54. Professor Miles told us that it might be possible to produce a driverless car within the next five years, but that the key question was whether such a vehicle would be allowed to drive autonomously on UK roads.[105] Similarly, Chris Reeves identified the key challenge as changing regulations and legislation to take people out of the decision-making process in driving.[106]

55. Professor Sampson suggested that the capabilities of autonomous safety systems would need to be regulated, as would some form of certification and testing regime for them. He explained that various international bodies were looking at those issues, and that it was important that the UK remained actively involved. He observed that the UK was leading on some aspects, but that there were still "too many pockets of activity" and that "somebody somewhere ought to be joining up the thinking".[107] The Institute of Mechanical Engineers told us that "legislation is not keeping up with the pace of technological change that allows for safety systems such as AEB and steering".[108]

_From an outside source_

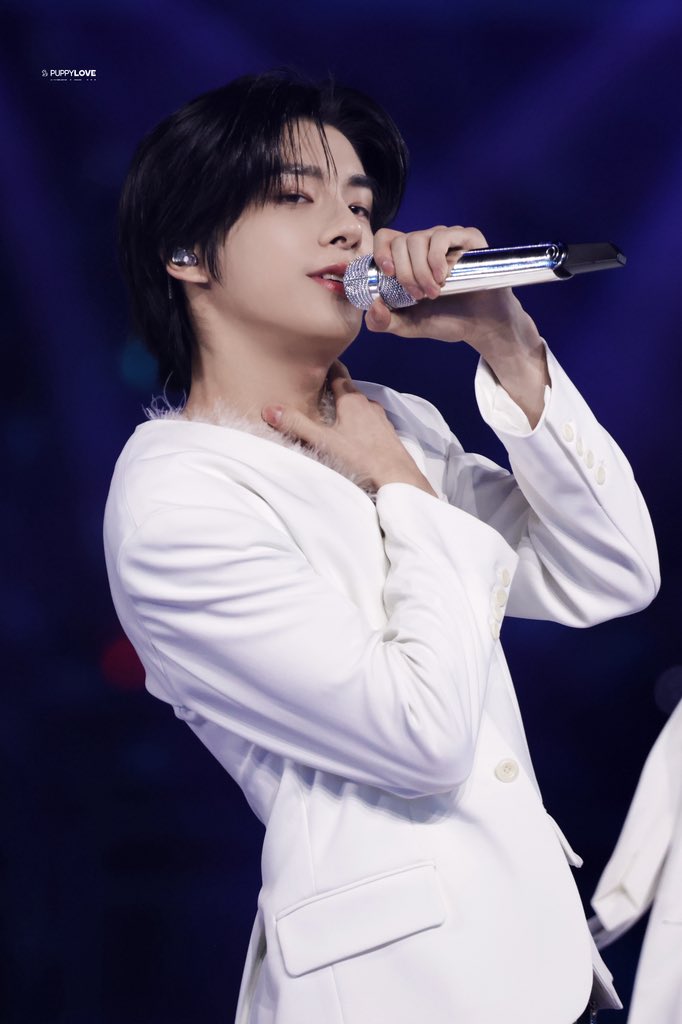 [잡담] 오늘 내 강아디들 짱잘ㅎㅎㅎ ㅈㅇ 엔하이픈 댕이즈 | 인스티즈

56. An appropriate regulatory framework and testing regime is necessary to guide the development and deployment of autonomous vehicles. The public are understandably concerned whether self-driving vehicles are safe. Such concerns can be assuaged through effective regulation and action to educate drivers and raise public awareness. Legislation, regulation and standards have been used successfully in the past to encourage the take-up of particular technologies, and they have a role to play now. Thatcham Research told us that as technology becomes more complex, effective and autonomous, it "will pose significant challenges for implementation into the UK fleet and will demand Government legislative action".[109]

57. The failure to update legislation in line with the development of new technology may disadvantage the UK automotive industry. Professor Miles told us that developing autonomous vehicle technology presented real opportunities for the UK, but that unless Government moved quickly, "we are quite likely to lose the race."[110]

He observed that

    the very largest part of the activity in this area will almost certainly be driven by the established vehicle manufacturers or by people coming into the field, like Google, Tesla, Apple and players like those—people who have very deep pockets. They will choose to do their research in certain limited places around the world, often in the Far East, in the far west and sometimes in Europe as well. The UK has a very good opportunity … but it needs something to make that happen.[111]

We asked Professor Miles what that "something" might be. He told us that legislation was fundamental.[112]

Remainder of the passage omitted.